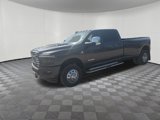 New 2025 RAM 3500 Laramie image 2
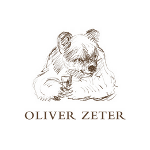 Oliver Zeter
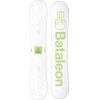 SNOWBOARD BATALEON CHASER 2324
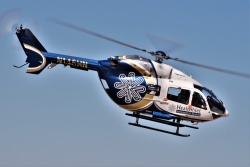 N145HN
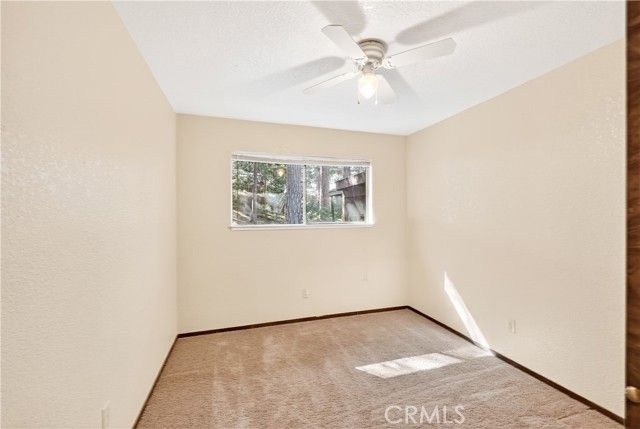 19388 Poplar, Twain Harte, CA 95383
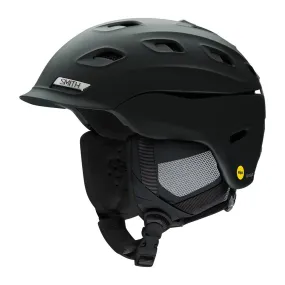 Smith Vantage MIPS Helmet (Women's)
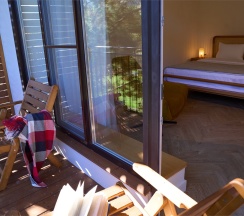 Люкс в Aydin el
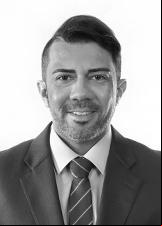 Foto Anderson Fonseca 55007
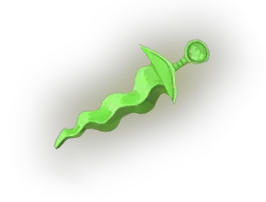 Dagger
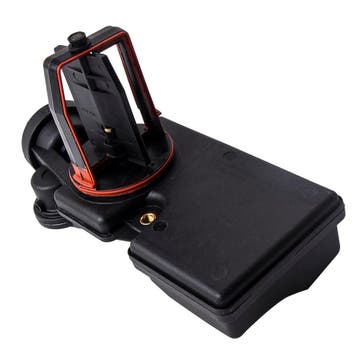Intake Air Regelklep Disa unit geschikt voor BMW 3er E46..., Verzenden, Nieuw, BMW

○ ○ ○ ○

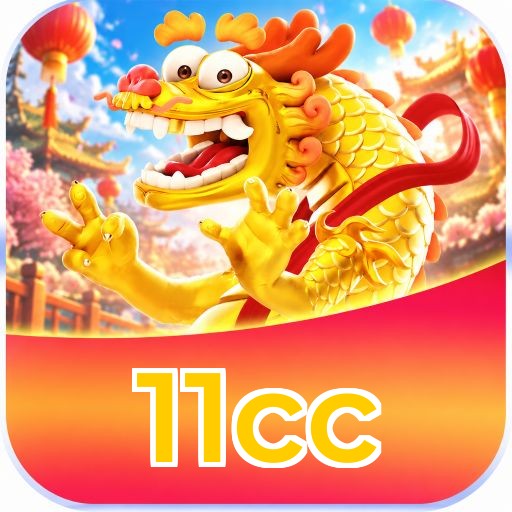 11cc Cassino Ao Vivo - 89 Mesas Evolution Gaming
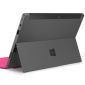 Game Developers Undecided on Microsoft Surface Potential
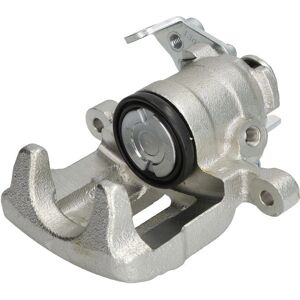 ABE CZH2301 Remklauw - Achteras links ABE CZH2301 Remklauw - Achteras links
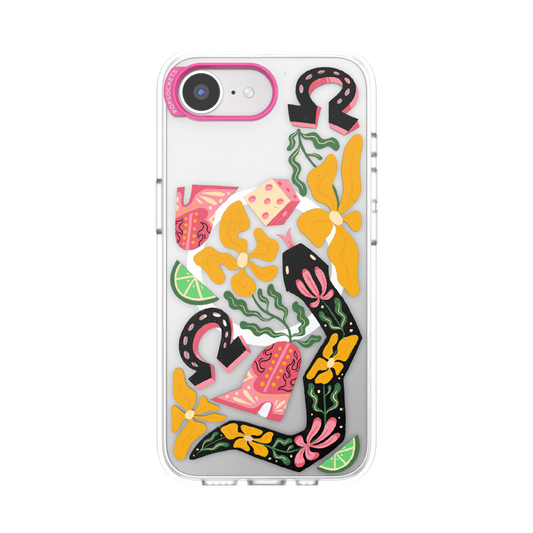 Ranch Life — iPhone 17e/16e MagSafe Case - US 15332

○ ○ ○ ○

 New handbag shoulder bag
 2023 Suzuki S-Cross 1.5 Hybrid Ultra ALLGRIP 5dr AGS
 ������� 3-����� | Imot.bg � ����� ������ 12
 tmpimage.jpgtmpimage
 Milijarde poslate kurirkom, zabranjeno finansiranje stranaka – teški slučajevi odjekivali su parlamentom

○ ○ ○ ○

■ Exercise goal ■
Going by the data above, the answer is exactly the lines from the one holding "Game Developers Undecided" to the one holding "Ranch Life —", both kept, with the pictures left out.

■ Answer to this problem ■
 Game Developers Undecided on Microsoft Surface Potential
 ABE CZH2301 Remklauw - Achteras links ABE CZH2301 Remklauw - Achteras links
 Ranch Life — iPhone 17e/16e MagSafe Case - US 15332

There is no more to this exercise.